Purpose: Unlabeled medical image data are abundant, yet the process of converting them into a labeled ("truth-known") database is time and resource expensive and fraught with ethical and logistics issues. The authors propose a dual-stage CADx scheme in which both labeled and unlabeled (truth-known and "truth-unknown") data are used. This study is an initial exploration of the potential for leveraging unlabeled data toward enhancing breast CADx.

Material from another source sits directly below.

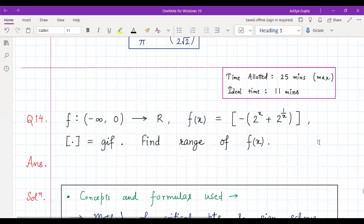Hey everyone, a very warm welcome back to the channel. Today we are discussing question number 14 from the chapter AOD monotonicity and maximum-minima. The question asks us to find the range of f(x), where f(x) is defined as the greatest integer function of negative two-to-the-x plus two-to-the-(1/x), and the domain of the function is negative numbers from minus infinity to zero.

Methods: From a labeled ultrasound image database consisting of 1126 lesions with an empirical cancer prevalence of 14%, 200 different randomly sampled subsets were selected and the truth status of a variable number of cases was masked to the algorithm to mimic different types of labeled and unlabeled data sources. The prevalence was fixed at 50% cancerous for the labeled data and 5% cancerous for the unlabeled. In the first stage of the dual-stage CADx scheme, the authors term "transductive dimension reduction regularization" (TDR-R), both labeled and unlabeled images characterized by extracted lesion features were combined using dimension reduction (DR) techniques and mapped to a lower-dimensional representation. (The first stage ignored truth status therefore was an unsupervised algorithm.) In the second stage, the labeled data from the reduced dimension embedding were used to train a classifier toward estimating the probability of malignancy. For the first CADx stage, the authors investigated three DR approaches: Laplacian eigen-maps, t-distributed stochastic neighbor embedding (t-SNE), and principal component analysis. For the TDR-R methods, the classifier in the second stage was a supervised (i.e., utilized truth) Bayesian neural net. The dual-stage CADx schemes were compared to a single-stage scheme based on manifold regularization (MR) in a semisupervised setting via the LapSVM algorithm. Performance in terms of areas under the ROC curve (AUC) of the CADx schemes was evaluated in leave-one-out and .632+ bootstrap analyses on a by-lesion basis. Additionally, the trained algorithms were applied to an independent test data set consisting of 101 lesions with approximately 50% cancer prevalence. The difference in AUC (deltaAUC) between with and without the use of unlabeled data was computed.
Results: Statistically significant differences in the average AUC value (deltaAUC) were found in many instances between training with and without unlabeled data, based on the sample set distributions generated from this particular ultrasound data set during cross-validation and using independent test set. For example, when using 100 labeled and 900 unlabeled cases and testing on the independent test set, the TDR-R methods produced average deltaAUC=0.0361 with 95% intervals [0.0301; 0.0408] (p-value < 0.0001, adjusted for multiple comparisons, but considering the test set fixed) using t-SNE and average deltaAUC=.026 [0.0227, 0.0298] (adjusted p-value < 0.0001) using Laplacian eigenmaps, while the MR-based LapSVM produced an average deltaAUC=.0381 [0.0351; 0.0405] (adjusted p-value < 0.0001). The authors also found that schemes initially obtaining lower than average performance when using labeled data only showed the most prominent increase in performance when unlabeled data were added in the first CADx stage, suggesting a regularization effect due to the injection of unlabeled data.
Conclusion: The findings reveal evidence that incorporating unlabeled data information into the overall development of CADx methods may improve classifier performance by non-negligible amounts and warrants further investigation.